Waiting is no problem on our part, however, as there are many far less interesting places to be left twiddling thumbs before an interview. The grand room we’re in has over the years provided a workspace to 121 Lord Mayors prior to 28-year-old Magid entering the post in May and offers plenty of intriguing local eye-candy to ogle: from a commemorative sword awarded to the city following the decommission of HMS Sheffield to stunning pieces of centuries-old silverware and crockery locked inside large ornate cabinets.
But if you take a closer look, you’ll find a few small hints hidden amongst the pomp and grandeur suggesting that the office’s current incumbent does things a little bit differently – or at least isn’t afraid to add a dashing of personality to proceedings. A few inches from a framed telegram sent by former Lord Mayor Winifred Golding to congratulate the Queen on her Silver Jubilee lies a pair of purple-rimmed aviators which wouldn’t look out of place at a Leadmill Freshers Party. A further glance to the right and you’ll see the now-famous sombrero hanging in the corner. Back in June it grabbed worldwide headlines after Magid paired it with a t-shirt reading ‘Donald Trump is a Wasteman’ and proclaimed that the US President’s distasteful policies – namely his Muslim travel ban, withdrawal from the Paris Climate Agreement, moving a US Embassy to Jerusalem, enforcing the imprisonment of children at borders and defending white supremacists – had rendered him no longer welcome in Sheffield.

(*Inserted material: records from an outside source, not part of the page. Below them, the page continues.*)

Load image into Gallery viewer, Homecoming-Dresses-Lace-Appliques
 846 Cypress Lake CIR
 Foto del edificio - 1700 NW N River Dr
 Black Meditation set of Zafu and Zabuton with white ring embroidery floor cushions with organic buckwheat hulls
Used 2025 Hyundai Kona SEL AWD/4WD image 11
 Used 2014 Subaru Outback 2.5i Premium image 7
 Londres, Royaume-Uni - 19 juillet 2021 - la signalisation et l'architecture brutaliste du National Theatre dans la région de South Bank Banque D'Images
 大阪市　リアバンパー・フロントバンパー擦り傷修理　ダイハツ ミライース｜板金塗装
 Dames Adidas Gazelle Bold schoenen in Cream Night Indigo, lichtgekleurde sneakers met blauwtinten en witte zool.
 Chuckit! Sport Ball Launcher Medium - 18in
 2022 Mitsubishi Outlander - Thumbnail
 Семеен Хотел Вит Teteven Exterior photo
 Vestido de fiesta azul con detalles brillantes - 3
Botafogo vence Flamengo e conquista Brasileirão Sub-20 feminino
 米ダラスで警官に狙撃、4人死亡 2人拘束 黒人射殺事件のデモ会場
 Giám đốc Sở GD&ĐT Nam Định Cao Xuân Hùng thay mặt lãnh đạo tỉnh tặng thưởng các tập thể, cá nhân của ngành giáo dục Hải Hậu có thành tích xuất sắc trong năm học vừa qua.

It’s one example of the refreshing, no-bullshit approach that has endeared vast swathes of the city’s populace – particularly the young and formerly disillusioned – to the new Lord Mayor, a Somali-born Muslim refugee who arrived in the Steel City seeking a better life with his family at the age of five. But this isn’t to say that such a level of popularity, especially that of an entirely unprecedented type when it comes to local politics, doesn’t come without creating some difficulties. I’d strongly wager that the slight bleariness in his eyes is largely due to a hectic Tramlines weekend spent doing speeches (and a bit of singing) on festival stages, attending a wide variety of engagements right through to the early hours of the morning and clocking up a selfie count which he estimates would be “well into the hundreds”. As if to confirm this hypothesis, there are still some small remnants of gold beard glitter visible as he settles down into an armchair opposite before waving away my explanation of what’s on the agenda topic-wise and opening up the interview in characteristically laid-back fashion.
“Ask me what you want, man. I’m happy to talk about anything.”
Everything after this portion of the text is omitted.